*Description of the task:* In the data below, the answer is the run of lines from the line containing "Hey everyone! This" through the line containing "We only need", both included; print it exactly and nothing else.

*Input material:*
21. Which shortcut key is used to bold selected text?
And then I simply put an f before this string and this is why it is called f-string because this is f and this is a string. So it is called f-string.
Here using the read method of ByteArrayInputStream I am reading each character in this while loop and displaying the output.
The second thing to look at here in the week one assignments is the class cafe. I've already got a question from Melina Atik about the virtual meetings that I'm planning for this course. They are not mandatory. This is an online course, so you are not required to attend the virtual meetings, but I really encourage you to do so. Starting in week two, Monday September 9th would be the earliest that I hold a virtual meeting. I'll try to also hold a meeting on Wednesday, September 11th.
--
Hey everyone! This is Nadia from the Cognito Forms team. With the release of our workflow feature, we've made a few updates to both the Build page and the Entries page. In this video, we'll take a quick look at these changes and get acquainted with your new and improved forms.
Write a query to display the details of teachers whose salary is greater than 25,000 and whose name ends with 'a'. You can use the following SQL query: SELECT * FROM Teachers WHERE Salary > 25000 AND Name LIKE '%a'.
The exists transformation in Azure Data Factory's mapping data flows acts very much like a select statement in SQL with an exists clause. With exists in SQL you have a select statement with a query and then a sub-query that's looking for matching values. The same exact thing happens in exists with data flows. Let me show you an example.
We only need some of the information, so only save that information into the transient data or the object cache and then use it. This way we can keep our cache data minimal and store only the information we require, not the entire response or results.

*Exercise response:*
Hey everyone! This is Nadia from the Cognito Forms team. With the release of our workflow feature, we've made a few updates to both the Build page and the Entries page. In this video, we'll take a quick look at these changes and get acquainted with your new and improved forms.
Write a query to display the details of teachers whose salary is greater than 25,000 and whose name ends with 'a'. You can use the following SQL query: SELECT * FROM Teachers WHERE Salary > 25000 AND Name LIKE '%a'.
The exists transformation in Azure Data Factory's mapping data flows acts very much like a select statement in SQL with an exists clause. With exists in SQL you have a select statement with a query and then a sub-query that's looking for matching values. The same exact thing happens in exists with data flows. Let me show you an example.
We only need some of the information, so only save that information into the transient data or the object cache and then use it. This way we can keep our cache data minimal and store only the information we require, not the entire response or results.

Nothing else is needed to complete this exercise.